Items from a data source
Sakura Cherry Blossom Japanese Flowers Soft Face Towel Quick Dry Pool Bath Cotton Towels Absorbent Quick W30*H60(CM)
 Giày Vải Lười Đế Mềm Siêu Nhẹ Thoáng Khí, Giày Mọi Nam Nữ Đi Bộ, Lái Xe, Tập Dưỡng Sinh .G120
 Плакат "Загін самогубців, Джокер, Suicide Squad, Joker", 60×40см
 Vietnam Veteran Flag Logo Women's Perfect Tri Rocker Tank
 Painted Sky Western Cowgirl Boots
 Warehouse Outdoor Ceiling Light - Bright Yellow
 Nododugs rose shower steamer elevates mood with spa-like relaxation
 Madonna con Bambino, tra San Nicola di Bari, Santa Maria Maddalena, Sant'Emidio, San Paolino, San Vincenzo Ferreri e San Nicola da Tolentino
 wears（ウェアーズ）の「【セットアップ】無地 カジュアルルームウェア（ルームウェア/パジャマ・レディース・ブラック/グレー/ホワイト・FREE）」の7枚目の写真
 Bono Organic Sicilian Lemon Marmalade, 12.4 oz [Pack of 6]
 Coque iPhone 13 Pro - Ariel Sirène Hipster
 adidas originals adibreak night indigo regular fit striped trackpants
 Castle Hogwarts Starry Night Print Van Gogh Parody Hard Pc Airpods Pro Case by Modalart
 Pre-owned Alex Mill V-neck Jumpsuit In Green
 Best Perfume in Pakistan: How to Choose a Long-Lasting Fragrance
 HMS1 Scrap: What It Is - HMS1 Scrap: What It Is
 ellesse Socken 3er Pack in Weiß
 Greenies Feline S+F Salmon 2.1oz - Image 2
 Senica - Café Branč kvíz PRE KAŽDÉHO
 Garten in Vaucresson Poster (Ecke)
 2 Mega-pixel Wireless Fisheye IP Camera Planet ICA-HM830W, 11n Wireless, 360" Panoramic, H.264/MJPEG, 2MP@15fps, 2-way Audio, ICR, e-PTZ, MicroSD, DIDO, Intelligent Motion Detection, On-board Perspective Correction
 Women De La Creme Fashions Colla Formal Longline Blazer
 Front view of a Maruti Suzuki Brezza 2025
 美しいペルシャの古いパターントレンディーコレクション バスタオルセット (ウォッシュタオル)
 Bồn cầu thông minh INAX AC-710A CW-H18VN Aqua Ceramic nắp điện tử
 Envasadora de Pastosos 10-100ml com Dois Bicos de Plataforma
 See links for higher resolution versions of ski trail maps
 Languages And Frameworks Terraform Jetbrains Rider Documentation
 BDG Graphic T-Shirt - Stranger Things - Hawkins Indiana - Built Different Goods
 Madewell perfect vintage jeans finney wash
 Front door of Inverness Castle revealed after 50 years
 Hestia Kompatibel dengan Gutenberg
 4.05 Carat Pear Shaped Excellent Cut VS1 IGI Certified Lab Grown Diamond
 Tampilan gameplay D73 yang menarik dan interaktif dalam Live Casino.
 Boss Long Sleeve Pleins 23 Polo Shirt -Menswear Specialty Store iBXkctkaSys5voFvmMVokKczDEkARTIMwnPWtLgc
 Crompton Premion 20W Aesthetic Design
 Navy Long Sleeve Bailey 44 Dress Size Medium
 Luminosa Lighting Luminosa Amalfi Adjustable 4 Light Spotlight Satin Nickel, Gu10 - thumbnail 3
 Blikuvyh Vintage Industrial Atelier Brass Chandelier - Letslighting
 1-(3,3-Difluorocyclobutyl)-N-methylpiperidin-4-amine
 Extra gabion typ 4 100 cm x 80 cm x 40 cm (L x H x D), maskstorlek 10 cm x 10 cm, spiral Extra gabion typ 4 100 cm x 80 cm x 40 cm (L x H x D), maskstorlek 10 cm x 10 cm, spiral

TASK GOAL:
An acceptable answer repeats every entry exactly, with nothing omitted.

RESPONSE TO THE EXERCISE:
Sakura Cherry Blossom Japanese Flowers Soft Face Towel Quick Dry Pool Bath Cotton Towels Absorbent Quick W30*H60(CM)
 Giày Vải Lười Đế Mềm Siêu Nhẹ Thoáng Khí, Giày Mọi Nam Nữ Đi Bộ, Lái Xe, Tập Dưỡng Sinh .G120
 Плакат "Загін самогубців, Джокер, Suicide Squad, Joker", 60×40см
 Vietnam Veteran Flag Logo Women's Perfect Tri Rocker Tank
 Painted Sky Western Cowgirl Boots
 Warehouse Outdoor Ceiling Light - Bright Yellow
 Nododugs rose shower steamer elevates mood with spa-like relaxation
 Madonna con Bambino, tra San Nicola di Bari, Santa Maria Maddalena, Sant'Emidio, San Paolino, San Vincenzo Ferreri e San Nicola da Tolentino
 wears（ウェアーズ）の「【セットアップ】無地 カジュアルルームウェア（ルームウェア/パジャマ・レディース・ブラック/グレー/ホワイト・FREE）」の7枚目の写真
 Bono Organic Sicilian Lemon Marmalade, 12.4 oz [Pack of 6]
 Coque iPhone 13 Pro - Ariel Sirène Hipster
 adidas originals adibreak night indigo regular fit striped trackpants
 Castle Hogwarts Starry Night Print Van Gogh Parody Hard Pc Airpods Pro Case by Modalart
 Pre-owned Alex Mill V-neck Jumpsuit In Green
 Best Perfume in Pakistan: How to Choose a Long-Lasting Fragrance
 HMS1 Scrap: What It Is - HMS1 Scrap: What It Is
 ellesse Socken 3er Pack in Weiß
 Greenies Feline S+F Salmon 2.1oz - Image 2
 Senica - Café Branč kvíz PRE KAŽDÉHO
 Garten in Vaucresson Poster (Ecke)
 2 Mega-pixel Wireless Fisheye IP Camera Planet ICA-HM830W, 11n Wireless, 360" Panoramic, H.264/MJPEG, 2MP@15fps, 2-way Audio, ICR, e-PTZ, MicroSD, DIDO, Intelligent Motion Detection, On-board Perspective Correction
 Women De La Creme Fashions Colla Formal Longline Blazer
 Front view of a Maruti Suzuki Brezza 2025
 美しいペルシャの古いパターントレンディーコレクション バスタオルセット (ウォッシュタオル)
 Bồn cầu thông minh INAX AC-710A CW-H18VN Aqua Ceramic nắp điện tử
 Envasadora de Pastosos 10-100ml com Dois Bicos de Plataforma
 See links for higher resolution versions of ski trail maps
 Languages And Frameworks Terraform Jetbrains Rider Documentation
 BDG Graphic T-Shirt - Stranger Things - Hawkins Indiana - Built Different Goods
 Madewell perfect vintage jeans finney wash
 Front door of Inverness Castle revealed after 50 years
 Hestia Kompatibel dengan Gutenberg
 4.05 Carat Pear Shaped Excellent Cut VS1 IGI Certified Lab Grown Diamond
 Tampilan gameplay D73 yang menarik dan interaktif dalam Live Casino.
 Boss Long Sleeve Pleins 23 Polo Shirt -Menswear Specialty Store iBXkctkaSys5voFvmMVokKczDEkARTIMwnPWtLgc
 Crompton Premion 20W Aesthetic Design
 Navy Long Sleeve Bailey 44 Dress Size Medium
 Luminosa Lighting Luminosa Amalfi Adjustable 4 Light Spotlight Satin Nickel, Gu10 - thumbnail 3
 Blikuvyh Vintage Industrial Atelier Brass Chandelier - Letslighting
 1-(3,3-Difluorocyclobutyl)-N-methylpiperidin-4-amine
 Extra gabion typ 4 100 cm x 80 cm x 40 cm (L x H x D), maskstorlek 10 cm x 10 cm, spiral Extra gabion typ 4 100 cm x 80 cm x 40 cm (L x H x D), maskstorlek 10 cm x 10 cm, spiral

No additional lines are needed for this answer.